Notas de algumas leituras, sem pretensões de crítica literária.

Seleção de alguns poemas, com ou sem comentários.


sábado, 1 de agosto de 2015

QUE IMPORTA A FÚRIA DO MAR, Ana Margarida de Carvalho


            Primeiro romance da autora, filha do extraordinário escritor Mário de Carvalho, e que, de acordo com a informação incluída na badana, é licenciada em Direito, jornalista premiada, crítica cinematográfica, cronista e dramaturga.
            Este livro apresenta um número reduzido de personagens. Apenas o suficiente para a economia da narrativa, sendo que há duas personagens principais, cuja história, inicialmente, é apresentada de forma alternada: a de Joaquim, sobrevivente do campo de detenção do Tarrafal, e a de Eugénia, jornalista que quer contar a história de vida do primeiro. Posteriormente, as duas histórias fundem-se na narração de Eugénia que, na busca para compreender Joaquim se transfigura, encarnando mesmo em determinados momentos a idealização da amada de Joaquim, Luísa.
            Apresenta um estilo muito interessante, algumas vezes muito perto da poesia, principalmente nos capítulos introdutórios em que a história é vista numa perspectiva rasteira, perto do chão, onde jaz o maço de cartas de amor que Joaquim escrevera à sua amada, e que atirara pela janela do comboio, na viagem que o haveria de levar à deportação.
            A autora revela grande erudição nas múltiplas citações de cultura, abrindo a sua obra à intertextualidade. Reconhecem-se facilmente citações de Camões, Fernando Pessoa, Mário Sá Carneiro…, algumas identificadas, outras não. A nível da utilização da linguagem rebela-se contra o uso de lugares-comuns, do «cliché», no entanto reconhece-lhe o valor no estabelecimento de uma relação de empatia com o leitor, portanto não o irradica por completo do seu discurso, consciente da sua utilidade. Por outro lado, defende a verosimilhança e, no entanto, quanto a mim, é dificilmente crível, não a história de Joaquim, mas sim que da relação que estabelece com esse homem doente, algo demente, pudesse ser inferido aquilo que fica relatado.
            Ainda assim a história é extraordinária e muito bem contada, sendo que os indícios que foram sendo introduzidos ao longo das duas histórias, vêm a verificar-se. A surpresa pelo fim é apenas aparente pois, muito atrás, ficou implicito que ao mensageiro do amor se paga com amor.
            O título parece indicar que a história de Eugénia é mais importante do que a de Joaquim. O mar que marcou a sua infância em casa dos tios, um tio e duas tias, não é o mesmo que leva Joaquim ao Tarrafal.

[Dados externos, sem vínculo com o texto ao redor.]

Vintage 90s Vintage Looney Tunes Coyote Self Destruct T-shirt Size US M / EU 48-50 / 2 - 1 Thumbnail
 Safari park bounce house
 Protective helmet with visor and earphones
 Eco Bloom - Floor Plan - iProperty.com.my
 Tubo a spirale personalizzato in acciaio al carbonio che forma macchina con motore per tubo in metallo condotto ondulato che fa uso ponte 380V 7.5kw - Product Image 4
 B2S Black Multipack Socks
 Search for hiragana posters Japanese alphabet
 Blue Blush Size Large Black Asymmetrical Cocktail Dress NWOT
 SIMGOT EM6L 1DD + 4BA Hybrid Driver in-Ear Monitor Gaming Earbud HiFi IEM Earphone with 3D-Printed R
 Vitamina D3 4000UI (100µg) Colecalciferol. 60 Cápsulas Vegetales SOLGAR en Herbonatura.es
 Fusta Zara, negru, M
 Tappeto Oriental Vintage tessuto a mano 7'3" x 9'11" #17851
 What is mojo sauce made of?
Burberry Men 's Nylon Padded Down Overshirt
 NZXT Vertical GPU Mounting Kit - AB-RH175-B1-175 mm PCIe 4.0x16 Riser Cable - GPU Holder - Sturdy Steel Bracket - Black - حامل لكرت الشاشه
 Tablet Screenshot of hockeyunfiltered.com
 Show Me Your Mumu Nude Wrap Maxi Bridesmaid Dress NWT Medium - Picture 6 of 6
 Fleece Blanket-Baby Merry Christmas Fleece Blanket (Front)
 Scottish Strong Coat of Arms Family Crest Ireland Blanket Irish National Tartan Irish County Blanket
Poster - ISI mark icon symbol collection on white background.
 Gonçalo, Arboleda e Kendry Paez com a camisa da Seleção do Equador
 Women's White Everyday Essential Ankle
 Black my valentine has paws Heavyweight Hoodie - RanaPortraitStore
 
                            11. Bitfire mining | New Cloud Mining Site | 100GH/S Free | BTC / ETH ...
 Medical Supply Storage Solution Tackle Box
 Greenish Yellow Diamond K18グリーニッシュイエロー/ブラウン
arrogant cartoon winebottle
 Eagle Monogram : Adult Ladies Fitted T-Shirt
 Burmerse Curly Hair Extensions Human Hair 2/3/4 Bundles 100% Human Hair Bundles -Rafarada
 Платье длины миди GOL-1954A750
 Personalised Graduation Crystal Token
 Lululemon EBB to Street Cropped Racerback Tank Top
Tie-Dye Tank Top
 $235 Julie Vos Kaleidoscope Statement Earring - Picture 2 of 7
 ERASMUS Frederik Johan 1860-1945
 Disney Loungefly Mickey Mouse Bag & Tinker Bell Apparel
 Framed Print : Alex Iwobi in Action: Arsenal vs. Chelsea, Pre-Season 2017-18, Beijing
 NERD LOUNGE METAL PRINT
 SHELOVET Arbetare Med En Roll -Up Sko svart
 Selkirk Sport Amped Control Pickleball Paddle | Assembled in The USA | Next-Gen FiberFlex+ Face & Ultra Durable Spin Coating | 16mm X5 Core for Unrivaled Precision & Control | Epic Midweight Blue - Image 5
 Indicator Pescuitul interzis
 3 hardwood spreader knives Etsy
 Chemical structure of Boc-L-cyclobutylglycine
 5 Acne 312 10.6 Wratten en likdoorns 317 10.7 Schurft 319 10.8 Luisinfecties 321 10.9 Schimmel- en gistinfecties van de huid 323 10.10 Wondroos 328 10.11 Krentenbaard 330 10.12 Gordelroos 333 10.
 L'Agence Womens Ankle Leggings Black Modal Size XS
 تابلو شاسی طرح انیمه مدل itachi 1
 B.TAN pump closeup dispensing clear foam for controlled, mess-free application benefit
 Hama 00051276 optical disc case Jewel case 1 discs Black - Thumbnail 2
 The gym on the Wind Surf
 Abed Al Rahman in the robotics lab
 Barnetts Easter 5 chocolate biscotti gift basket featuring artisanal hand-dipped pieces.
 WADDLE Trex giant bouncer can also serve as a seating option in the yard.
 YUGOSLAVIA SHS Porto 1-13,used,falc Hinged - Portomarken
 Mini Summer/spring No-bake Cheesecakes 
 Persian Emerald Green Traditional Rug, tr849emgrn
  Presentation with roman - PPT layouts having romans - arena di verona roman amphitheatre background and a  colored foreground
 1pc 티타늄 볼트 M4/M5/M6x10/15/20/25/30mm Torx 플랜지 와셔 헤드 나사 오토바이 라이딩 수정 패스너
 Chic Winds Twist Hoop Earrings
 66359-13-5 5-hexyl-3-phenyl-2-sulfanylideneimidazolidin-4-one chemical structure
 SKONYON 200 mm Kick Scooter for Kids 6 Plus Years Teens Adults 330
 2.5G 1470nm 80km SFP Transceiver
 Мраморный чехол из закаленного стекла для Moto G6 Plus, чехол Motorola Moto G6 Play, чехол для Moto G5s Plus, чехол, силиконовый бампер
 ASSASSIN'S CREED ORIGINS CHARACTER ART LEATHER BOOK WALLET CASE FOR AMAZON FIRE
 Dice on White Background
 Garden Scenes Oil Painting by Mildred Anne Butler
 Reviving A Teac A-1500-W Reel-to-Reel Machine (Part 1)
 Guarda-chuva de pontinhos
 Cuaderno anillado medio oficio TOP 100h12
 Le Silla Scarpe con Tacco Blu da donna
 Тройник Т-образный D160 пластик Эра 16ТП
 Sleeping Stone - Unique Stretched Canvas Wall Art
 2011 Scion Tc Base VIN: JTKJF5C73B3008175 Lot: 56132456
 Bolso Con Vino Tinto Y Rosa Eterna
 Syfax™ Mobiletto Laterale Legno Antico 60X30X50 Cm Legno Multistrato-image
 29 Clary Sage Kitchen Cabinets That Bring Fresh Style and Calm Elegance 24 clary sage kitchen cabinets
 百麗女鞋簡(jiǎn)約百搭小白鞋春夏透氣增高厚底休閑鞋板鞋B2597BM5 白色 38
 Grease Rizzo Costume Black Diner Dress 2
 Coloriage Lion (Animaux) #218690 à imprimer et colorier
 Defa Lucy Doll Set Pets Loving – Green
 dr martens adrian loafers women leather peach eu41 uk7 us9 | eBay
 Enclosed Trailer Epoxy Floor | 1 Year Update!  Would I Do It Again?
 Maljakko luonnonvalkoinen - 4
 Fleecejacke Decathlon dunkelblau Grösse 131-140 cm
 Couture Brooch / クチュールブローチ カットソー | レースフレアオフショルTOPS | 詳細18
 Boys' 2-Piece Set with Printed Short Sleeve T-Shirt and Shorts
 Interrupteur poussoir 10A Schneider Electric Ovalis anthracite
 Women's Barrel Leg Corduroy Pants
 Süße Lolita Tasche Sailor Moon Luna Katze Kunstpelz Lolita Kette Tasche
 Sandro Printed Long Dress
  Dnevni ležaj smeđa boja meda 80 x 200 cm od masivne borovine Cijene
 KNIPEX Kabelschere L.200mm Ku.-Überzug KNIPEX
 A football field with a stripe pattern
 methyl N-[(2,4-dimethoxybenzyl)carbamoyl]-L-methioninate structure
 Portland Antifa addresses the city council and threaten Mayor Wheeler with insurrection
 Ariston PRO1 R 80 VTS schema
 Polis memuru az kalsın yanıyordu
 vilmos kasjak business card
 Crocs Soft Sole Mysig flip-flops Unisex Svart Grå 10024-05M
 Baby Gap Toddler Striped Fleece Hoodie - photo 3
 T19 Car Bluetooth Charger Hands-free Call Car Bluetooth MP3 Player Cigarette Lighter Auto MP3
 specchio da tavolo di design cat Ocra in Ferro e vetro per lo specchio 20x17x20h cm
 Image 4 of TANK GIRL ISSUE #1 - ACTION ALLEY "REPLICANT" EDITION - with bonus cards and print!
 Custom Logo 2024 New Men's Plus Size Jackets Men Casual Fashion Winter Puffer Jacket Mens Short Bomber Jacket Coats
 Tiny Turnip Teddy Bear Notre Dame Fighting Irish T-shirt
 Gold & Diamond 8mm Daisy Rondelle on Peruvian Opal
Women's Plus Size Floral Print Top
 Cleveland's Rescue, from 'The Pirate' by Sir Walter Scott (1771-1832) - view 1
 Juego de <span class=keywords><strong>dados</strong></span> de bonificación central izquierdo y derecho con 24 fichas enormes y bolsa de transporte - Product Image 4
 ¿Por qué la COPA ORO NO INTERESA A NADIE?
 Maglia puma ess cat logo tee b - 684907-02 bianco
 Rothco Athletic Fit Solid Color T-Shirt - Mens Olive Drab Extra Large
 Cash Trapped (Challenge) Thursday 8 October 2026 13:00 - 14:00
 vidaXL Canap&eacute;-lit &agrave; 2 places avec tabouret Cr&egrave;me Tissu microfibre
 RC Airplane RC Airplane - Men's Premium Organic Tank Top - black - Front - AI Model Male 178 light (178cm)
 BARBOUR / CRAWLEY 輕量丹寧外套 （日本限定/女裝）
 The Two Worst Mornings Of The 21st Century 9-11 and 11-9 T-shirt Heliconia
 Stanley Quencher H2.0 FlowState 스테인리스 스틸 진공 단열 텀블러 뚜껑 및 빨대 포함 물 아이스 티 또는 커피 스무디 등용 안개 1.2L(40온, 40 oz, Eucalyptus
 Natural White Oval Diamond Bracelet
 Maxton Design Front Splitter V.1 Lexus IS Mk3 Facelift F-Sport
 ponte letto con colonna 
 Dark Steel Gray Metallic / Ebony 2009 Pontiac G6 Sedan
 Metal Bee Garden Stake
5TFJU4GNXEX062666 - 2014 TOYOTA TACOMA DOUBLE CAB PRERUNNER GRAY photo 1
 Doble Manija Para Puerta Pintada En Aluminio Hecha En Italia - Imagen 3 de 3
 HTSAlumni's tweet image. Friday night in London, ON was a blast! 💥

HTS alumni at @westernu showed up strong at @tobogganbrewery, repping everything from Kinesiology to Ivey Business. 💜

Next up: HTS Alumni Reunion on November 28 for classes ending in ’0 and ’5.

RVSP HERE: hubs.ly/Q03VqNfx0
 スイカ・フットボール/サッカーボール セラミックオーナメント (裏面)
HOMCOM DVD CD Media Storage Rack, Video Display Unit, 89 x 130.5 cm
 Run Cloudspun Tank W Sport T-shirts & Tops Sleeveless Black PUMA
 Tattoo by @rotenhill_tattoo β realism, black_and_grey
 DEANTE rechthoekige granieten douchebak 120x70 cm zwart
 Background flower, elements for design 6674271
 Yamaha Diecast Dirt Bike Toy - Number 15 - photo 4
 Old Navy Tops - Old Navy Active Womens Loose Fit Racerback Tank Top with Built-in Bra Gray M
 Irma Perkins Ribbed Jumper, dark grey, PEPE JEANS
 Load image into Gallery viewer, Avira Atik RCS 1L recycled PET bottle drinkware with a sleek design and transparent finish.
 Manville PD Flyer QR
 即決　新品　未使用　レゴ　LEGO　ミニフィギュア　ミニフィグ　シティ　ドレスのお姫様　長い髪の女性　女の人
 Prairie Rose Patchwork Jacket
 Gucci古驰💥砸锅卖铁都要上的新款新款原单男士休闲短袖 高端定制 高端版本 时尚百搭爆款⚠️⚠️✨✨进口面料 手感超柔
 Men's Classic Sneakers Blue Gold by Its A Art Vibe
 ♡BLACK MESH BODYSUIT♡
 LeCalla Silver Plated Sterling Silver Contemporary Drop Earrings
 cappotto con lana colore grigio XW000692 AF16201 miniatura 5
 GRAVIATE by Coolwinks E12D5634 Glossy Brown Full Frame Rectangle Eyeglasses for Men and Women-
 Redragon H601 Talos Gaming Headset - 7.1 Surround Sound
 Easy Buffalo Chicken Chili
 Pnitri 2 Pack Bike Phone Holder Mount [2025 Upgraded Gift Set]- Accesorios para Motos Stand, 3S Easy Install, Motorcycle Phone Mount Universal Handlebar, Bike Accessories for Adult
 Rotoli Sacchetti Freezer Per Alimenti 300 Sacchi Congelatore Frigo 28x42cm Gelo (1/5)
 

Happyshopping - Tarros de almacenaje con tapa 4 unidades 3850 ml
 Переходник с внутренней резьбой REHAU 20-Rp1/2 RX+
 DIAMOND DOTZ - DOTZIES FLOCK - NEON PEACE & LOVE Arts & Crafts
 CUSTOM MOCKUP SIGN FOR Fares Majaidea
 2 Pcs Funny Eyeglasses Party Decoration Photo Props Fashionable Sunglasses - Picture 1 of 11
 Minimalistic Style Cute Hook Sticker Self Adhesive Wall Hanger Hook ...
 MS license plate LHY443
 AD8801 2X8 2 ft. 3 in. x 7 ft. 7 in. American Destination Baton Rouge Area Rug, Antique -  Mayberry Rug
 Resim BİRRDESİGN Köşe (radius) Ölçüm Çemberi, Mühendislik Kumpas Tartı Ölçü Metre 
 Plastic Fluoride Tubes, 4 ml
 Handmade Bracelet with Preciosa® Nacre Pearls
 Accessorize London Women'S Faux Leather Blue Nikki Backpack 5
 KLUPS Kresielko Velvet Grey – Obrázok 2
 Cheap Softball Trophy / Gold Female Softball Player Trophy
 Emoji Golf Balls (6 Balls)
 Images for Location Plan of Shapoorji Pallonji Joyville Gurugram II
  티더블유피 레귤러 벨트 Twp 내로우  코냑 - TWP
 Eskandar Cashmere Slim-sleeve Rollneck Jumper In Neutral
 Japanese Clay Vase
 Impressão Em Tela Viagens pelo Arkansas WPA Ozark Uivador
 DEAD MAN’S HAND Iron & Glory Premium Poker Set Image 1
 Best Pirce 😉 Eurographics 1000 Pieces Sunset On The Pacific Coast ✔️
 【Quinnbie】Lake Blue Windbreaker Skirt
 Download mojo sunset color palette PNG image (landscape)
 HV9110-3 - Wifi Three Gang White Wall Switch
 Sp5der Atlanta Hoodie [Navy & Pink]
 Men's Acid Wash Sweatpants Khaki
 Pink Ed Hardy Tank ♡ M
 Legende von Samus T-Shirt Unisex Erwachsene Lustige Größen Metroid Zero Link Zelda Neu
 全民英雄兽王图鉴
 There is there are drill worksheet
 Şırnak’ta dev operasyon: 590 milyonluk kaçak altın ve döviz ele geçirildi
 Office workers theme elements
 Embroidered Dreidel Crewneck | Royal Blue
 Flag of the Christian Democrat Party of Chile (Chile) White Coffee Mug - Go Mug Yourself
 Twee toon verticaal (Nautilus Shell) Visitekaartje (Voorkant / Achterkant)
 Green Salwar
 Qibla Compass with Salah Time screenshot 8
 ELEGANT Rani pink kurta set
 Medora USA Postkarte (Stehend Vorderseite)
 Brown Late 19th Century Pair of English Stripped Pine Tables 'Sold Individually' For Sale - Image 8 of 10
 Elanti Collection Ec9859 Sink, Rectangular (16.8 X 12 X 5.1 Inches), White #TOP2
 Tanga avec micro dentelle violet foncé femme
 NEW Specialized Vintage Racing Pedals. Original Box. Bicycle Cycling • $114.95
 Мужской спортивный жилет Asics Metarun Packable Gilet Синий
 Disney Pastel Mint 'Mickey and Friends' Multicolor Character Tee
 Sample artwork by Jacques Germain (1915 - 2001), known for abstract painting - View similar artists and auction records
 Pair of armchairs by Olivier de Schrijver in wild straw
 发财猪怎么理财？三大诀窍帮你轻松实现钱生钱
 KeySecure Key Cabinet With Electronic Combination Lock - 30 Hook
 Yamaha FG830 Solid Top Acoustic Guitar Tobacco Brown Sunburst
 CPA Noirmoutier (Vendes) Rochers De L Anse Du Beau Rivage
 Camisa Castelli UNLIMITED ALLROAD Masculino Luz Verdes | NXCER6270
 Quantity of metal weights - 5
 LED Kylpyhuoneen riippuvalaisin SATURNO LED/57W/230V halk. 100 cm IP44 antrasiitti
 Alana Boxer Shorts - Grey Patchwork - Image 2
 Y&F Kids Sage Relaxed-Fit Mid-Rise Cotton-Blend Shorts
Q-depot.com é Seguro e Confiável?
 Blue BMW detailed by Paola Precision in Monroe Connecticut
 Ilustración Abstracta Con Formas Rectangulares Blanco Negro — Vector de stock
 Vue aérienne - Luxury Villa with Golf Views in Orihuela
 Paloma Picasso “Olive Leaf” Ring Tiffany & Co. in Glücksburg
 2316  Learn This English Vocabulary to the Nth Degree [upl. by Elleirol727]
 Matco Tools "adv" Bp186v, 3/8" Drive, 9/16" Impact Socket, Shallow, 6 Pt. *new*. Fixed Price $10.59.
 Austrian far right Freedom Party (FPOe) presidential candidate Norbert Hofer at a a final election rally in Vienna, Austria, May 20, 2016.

Transcreve-se da contra-capa:
“Numa madrugada de 1934, um maço de cartas é lançado de um comboio em andamento por um homem que deixou uma história de amor interrompida e leva uma estilha cravada no coração. Na carruagem, além de Joaquim, viajam os revoltosos do golpe da Marinha Grande, feitos prisioneiros pela Polícia de Salazar, que cumprem a primeira etapa de uma viagem com destino a Cabo Verde, onde inaugurarão o campo de concentração do Tarrafal.
Dessas cartas e da mulher a quem se dirigiam ouvirá falar muitos anos mais tarde Eugénia, a jornalista encarregada de entrevistar um dos últimos sobreviventes desse inferno africano e cuja vida, depois do primeiro encontro com Joaquim, nunca mais será a mesma. Separados pelo tempo, pelo espaço, pelos continentes, pela malária e pelo arame farpado, os destinos de Joaquim e Eugénia tocar-se-ão, apesar de tudo, no pêlo de um gato sem nome que ambos afagam e na estranha cumplicidade com que partilham memórias insólitas, infâncias sombrias e amores decididamente impossíveis.”

Este romance foi finalista do Prémio Leya em 2012 e ganhou em 2014 o Grande Prémio de Romance e Novela APE.

CARVALHO, Ana Margararida de. Que importa a fúria do mar. Teorema, 2013.